The report highlights that the "Big Beautiful Law" includes tax incentives and regulatory changes that could lead to substantial financial benefits for Microsoft and Oracle. These provisions are designed to encourage domestic investment and innovation, which aligns with the core business strategies of both companies. By leveraging these incentives, Microsoft and Oracle could see a notable increase in their cash reserves, allowing them to invest more in research and development, expand their product offerings, and potentially increase their market share.

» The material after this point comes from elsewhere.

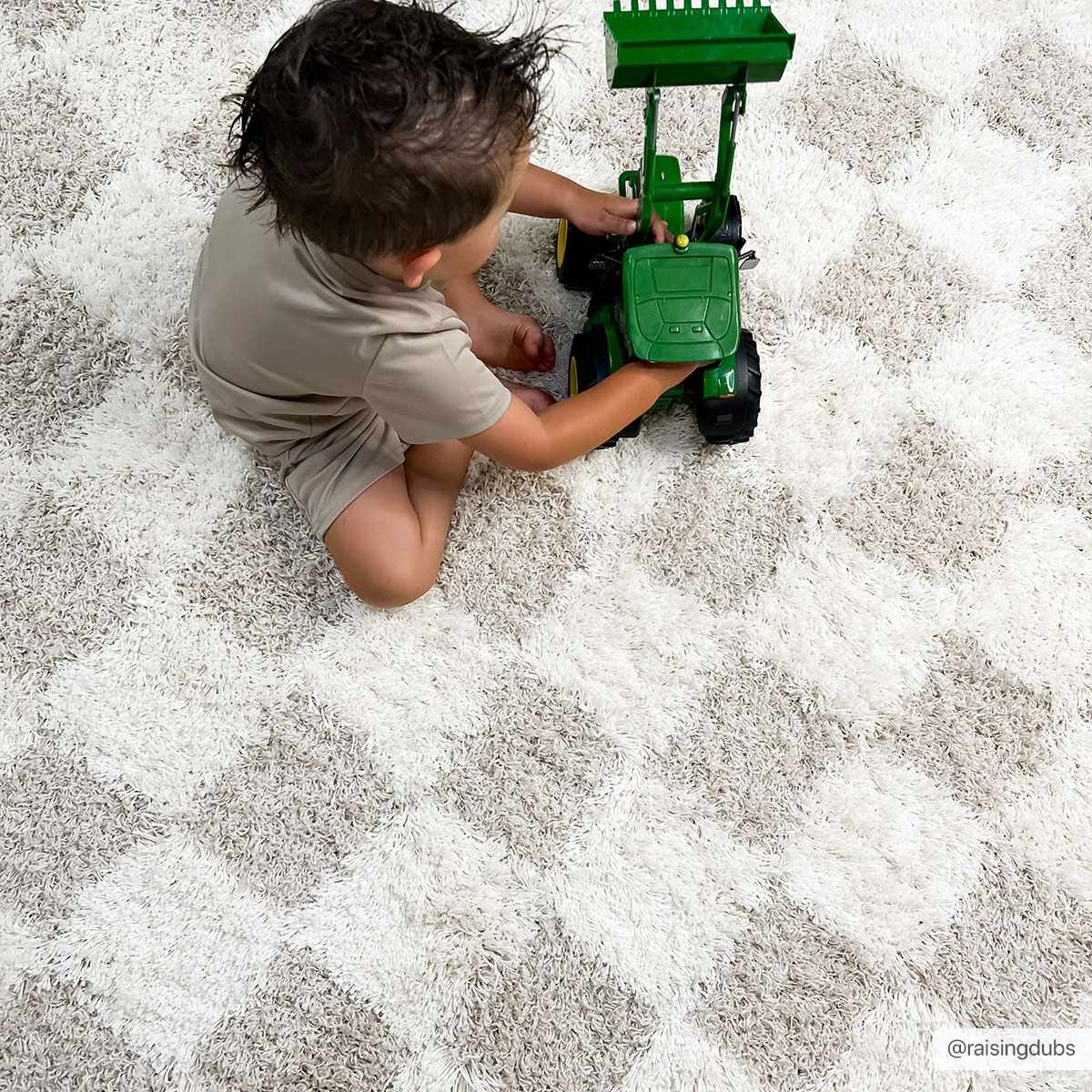 Atira Light Brown Checkered Area Rug - Quahog Bay Bedding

Evercore ISI maintains an "outperform" rating for both Microsoft and Oracle, reflecting their confidence in the companies' ability to capitalize on the opportunities presented by the "Big Beautiful Law." The firm believes that the implementation of these provisions will not only boost the companies' financial performance but also strengthen their competitive positions in the global software market.

The report underscores the importance of regulatory support in driving corporate growth and innovation. By providing favorable tax policies and regulatory frameworks, governments can create an environment that fosters business expansion and technological advancement. For Microsoft and Oracle, the "Big Beautiful Law" represents a significant opportunity to enhance their operational efficiency and financial stability, positioning them for long-term success in the dynamic software industry.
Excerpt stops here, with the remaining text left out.